Raw data:
::::::::::

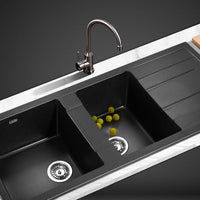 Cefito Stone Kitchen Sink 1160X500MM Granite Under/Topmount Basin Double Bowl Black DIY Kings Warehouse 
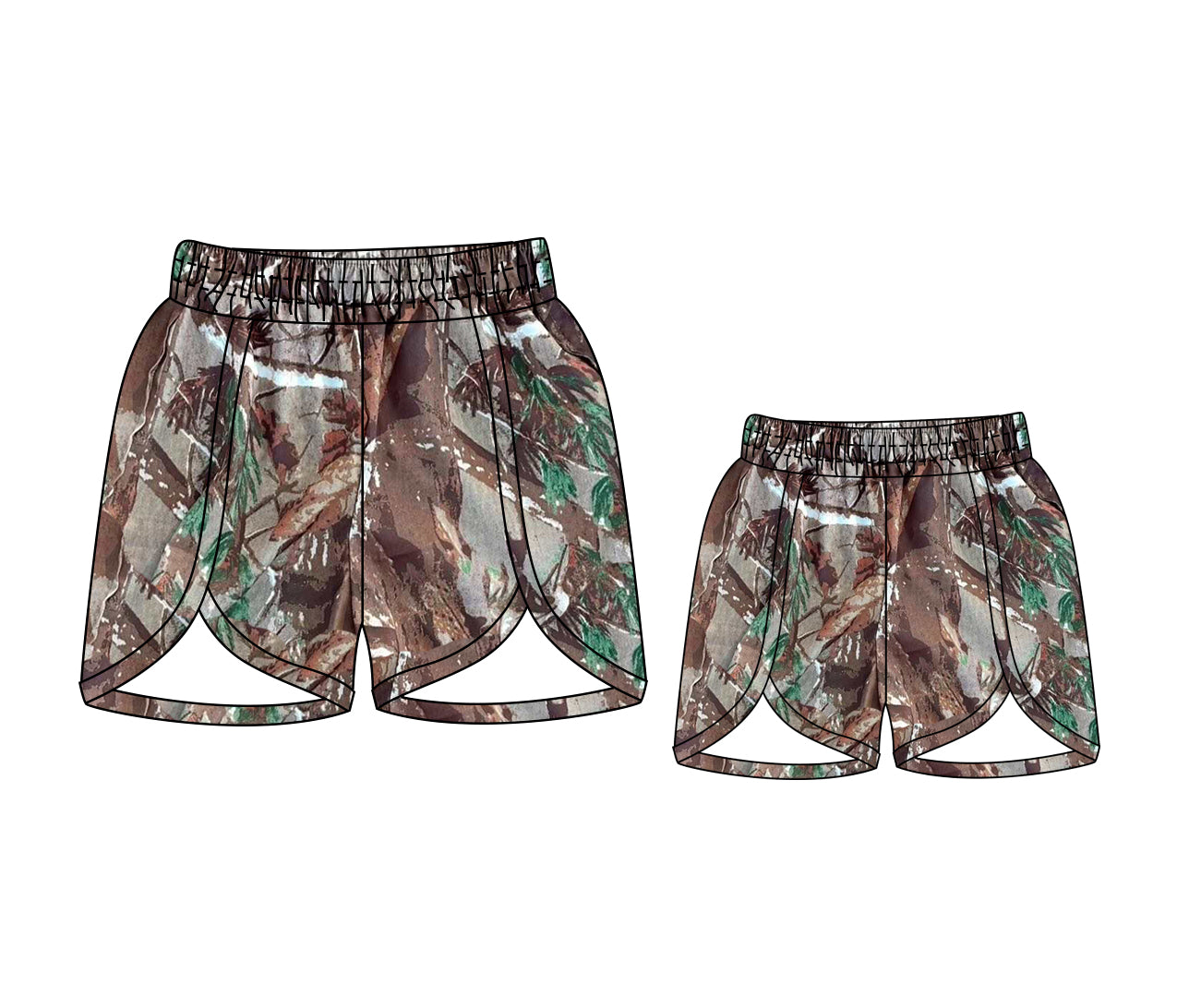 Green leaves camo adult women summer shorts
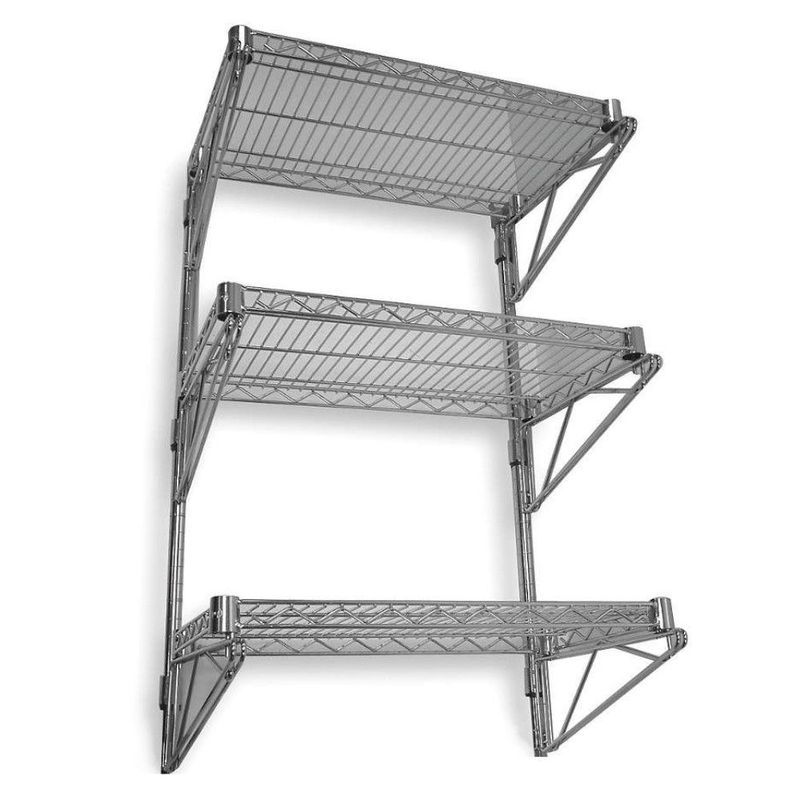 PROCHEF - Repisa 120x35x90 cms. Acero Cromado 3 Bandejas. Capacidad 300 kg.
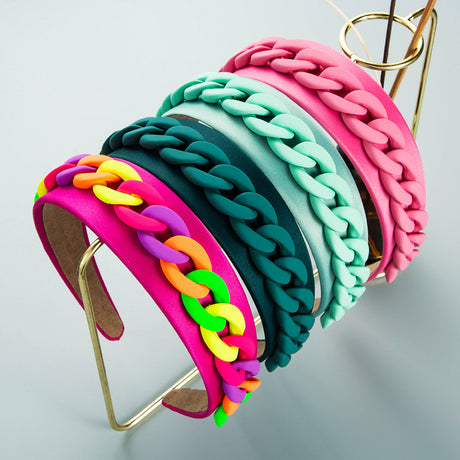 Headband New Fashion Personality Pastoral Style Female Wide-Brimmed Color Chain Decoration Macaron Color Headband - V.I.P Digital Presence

::::::::::

The task: Every line of the material should be repeated precisely; pictures are to be excluded.

Task response:
 Cefito Stone Kitchen Sink 1160X500MM Granite Under/Topmount Basin Double Bowl Black DIY Kings Warehouse 
 Green leaves camo adult women summer shorts
 PROCHEF - Repisa 120x35x90 cms. Acero Cromado 3 Bandejas. Capacidad 300 kg.
 Headband New Fashion Personality Pastoral Style Female Wide-Brimmed Color Chain Decoration Macaron Color Headband - V.I.P Digital Presence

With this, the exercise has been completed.